Alguns dos motivos são o baixo índice de leitura dos brasileiros e as falhas do sistema educacional. Sete de cada dez alunos do 3º ano do ensino médio têm nível insuficiente em português, segundo o Sistema de Avaliação da Educação Básica (Saeb). Isso significa que não conseguem localizar informações explícitas em um resumo, por exemplo. O número médio de livros lidos na íntegra por ano pelos brasileiros é de apenas 2,43 exemplares. Isolando as obras de literatura, a média despenca para 1,26, aqui incluindo os lidos em partes.
Se três em cada 10 brasileiros são analfabetos funcionais, se 42% dos brasileiros com mais de cinco anos alegam ter dificuldades de compreensão e por isso não leem, só podemos concluir que não houve ainda no Brasil uma aposta radical na democratização da leitura, avalia Ramos. O tema, aliás, será debatido em palestra na Ufes nesta segunda-feira, dia 2.
Não se pode delimitar ao certo os motivos de Verissimo, Lispector e Drummond constarem entre os campeões da fraude. Arrisca-se apenas a hipótese de que os autores sejam donos de uma aparente simplicidade de estilo. E têm peso suficiente no cânone para que seus nomes funcionem como selo de qualidade a textos de anônimos.
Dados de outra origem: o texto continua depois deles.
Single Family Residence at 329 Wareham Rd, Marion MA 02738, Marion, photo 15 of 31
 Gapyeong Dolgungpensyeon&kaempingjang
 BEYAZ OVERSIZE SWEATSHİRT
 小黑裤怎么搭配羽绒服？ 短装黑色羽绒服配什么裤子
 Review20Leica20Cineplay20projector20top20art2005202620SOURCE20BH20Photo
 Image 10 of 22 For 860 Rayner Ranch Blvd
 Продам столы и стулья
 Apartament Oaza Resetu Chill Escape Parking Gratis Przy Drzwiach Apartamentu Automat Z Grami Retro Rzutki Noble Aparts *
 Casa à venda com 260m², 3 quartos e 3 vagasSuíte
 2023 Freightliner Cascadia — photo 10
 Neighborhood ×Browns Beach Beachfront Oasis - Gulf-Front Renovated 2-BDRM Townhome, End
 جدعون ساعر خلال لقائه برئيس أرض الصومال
Já fui muito elogiado pelo que nunca escrevi, disse Verissmo, em ceta medida resignado.
Melhor remédio para separar joio do trigo, a leitura ainda é para poucos no Brasil, reforça Ramos. Compartilhar esses textos na internet, entre outras coisas, é uma maneira de se sentir (e sobretudo se exibir) incluído nessa parcela privilegiada.